Sooooo, a lot of you aren't going to understand the jokes in this speech... but I though might as well put it up here anyway as a way to ease back into things.
Thanks for reading!
Good evening, students, faculty, family, and friends. First, I just wanted to give a quick thank you to everyone here and to everyone who made it possible for all of us to be here. Our parents, for their never-ending sacrifices even if they go unacknowledged. Our teachers, for their persistence in teaching us not only facts and knowledge, but those oh-so-elusive life skills (and to never invade Russia in the winter). And our friends, for being by our side when it mattered most. And so, it is with great honor that I stand before you today, ready to wish us all well as we step into the real world, as high school graduates.

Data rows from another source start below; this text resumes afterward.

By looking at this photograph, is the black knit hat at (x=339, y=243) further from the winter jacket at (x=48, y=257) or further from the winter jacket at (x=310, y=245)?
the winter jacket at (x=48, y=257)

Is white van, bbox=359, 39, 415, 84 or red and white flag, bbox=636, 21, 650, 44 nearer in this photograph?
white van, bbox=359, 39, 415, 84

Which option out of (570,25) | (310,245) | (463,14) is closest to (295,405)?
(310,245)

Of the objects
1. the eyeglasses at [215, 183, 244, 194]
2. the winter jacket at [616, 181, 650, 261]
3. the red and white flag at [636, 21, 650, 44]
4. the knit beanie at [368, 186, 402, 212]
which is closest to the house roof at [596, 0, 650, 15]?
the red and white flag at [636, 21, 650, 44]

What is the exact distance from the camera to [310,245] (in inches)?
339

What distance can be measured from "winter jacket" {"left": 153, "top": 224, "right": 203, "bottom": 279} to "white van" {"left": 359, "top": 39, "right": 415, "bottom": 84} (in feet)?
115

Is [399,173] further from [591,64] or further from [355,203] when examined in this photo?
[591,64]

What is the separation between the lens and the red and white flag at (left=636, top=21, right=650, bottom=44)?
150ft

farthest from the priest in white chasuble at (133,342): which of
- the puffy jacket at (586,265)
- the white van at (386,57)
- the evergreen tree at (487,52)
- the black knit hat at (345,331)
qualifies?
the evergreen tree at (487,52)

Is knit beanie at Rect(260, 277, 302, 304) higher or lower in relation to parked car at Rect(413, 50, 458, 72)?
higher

But before that, let me summarize these 4 years in a way that only Academy kids will understand: Hello my sweet friends, these past years were wholly amazing, toooo good, so powerful, and not at all bobo.

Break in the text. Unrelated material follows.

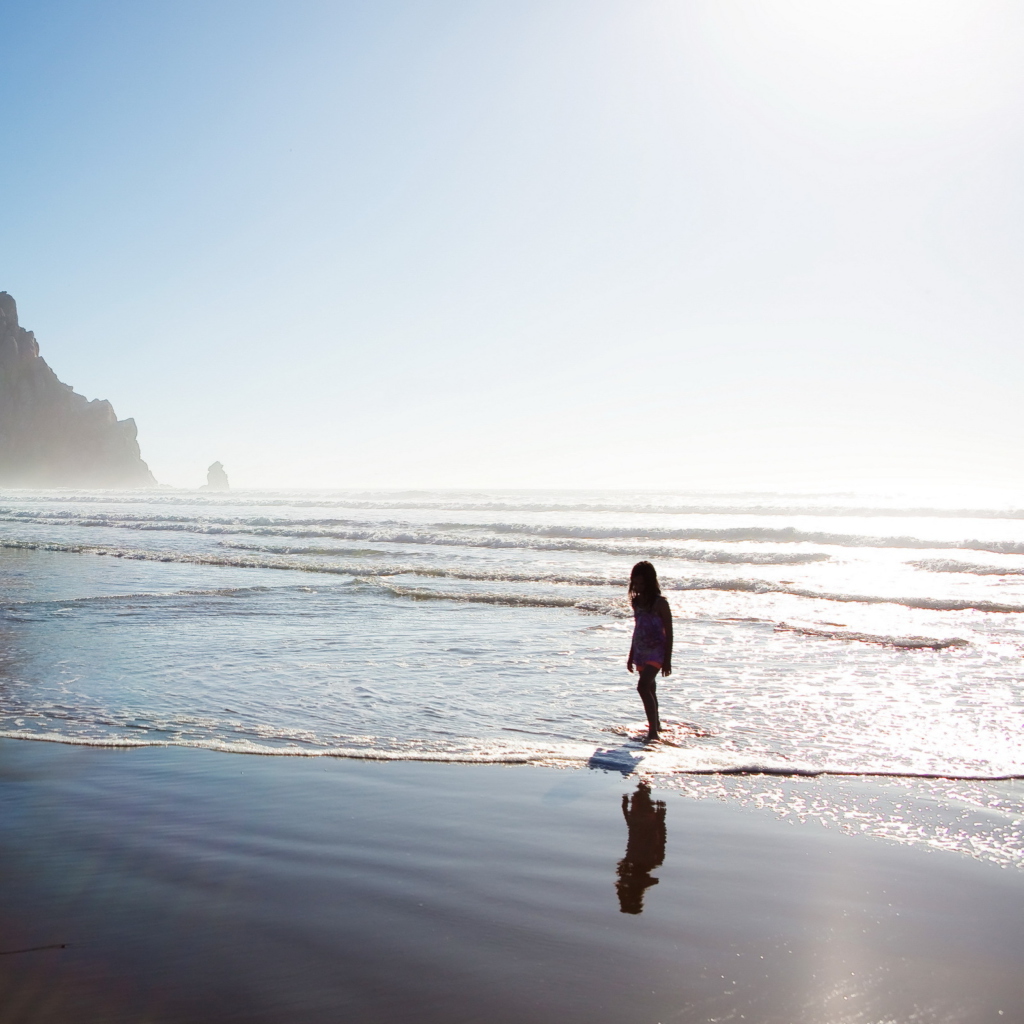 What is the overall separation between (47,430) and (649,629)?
7044 inches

But all jokes aside, these 4 years were irreplaceable, starting from way back when in August of 2014 when a ragtag bunch of kids from the corners of the county were thrust together in an undersized gymnasium and forced to play icebreaker games that no one really understood the rules to. But it was that first day of orientation, when we were all bright-eyed freshmen without a care in the world, when I realized this was it. This group of people will define the next 4 years of my life. And I am so incredibly happy it was you guys.
But it took us all a while to get the hang of things and to become the Academy Class of 2018 that we are today. From the “fierce” rivalry between 9-1 and 9-2 that I still have no recollection of to the mysterious Alan to learning everything there is to know about diabetes to losing people (or I should say, one person) on our field trip to suffering through 2 hours and 15 minutes of brutal lab days in freshman year.
As our classes mixed in sophomore year and our friend groups expanded, we all bonded over selling houses as part of a very relevant project, parading around in recyclable materials, making memes to illustrate the contentious history of this nation, and reading about Surviving the Extremes (yup, you’d almost forgotten about that one, hadn’t you?).
And oh, junior year, the year where we forgot what it meant to have a social life and instead receded into the abyss of standardized testing and extracurriculars and discovered that junioritis is a very real thing. We lived through precalc and SQ3Rs and physics. We learned PCR through interpretative dance and we came together as a grade to pull off the biggest upset since Croatia and Argentina when we beat the seniors for the Spirit Cup.
And finally, senior year, which can be summed up in 10 words. Williams Well Water, tardies, silent films, TinkerCad, axon hillock and college. Especially that last one.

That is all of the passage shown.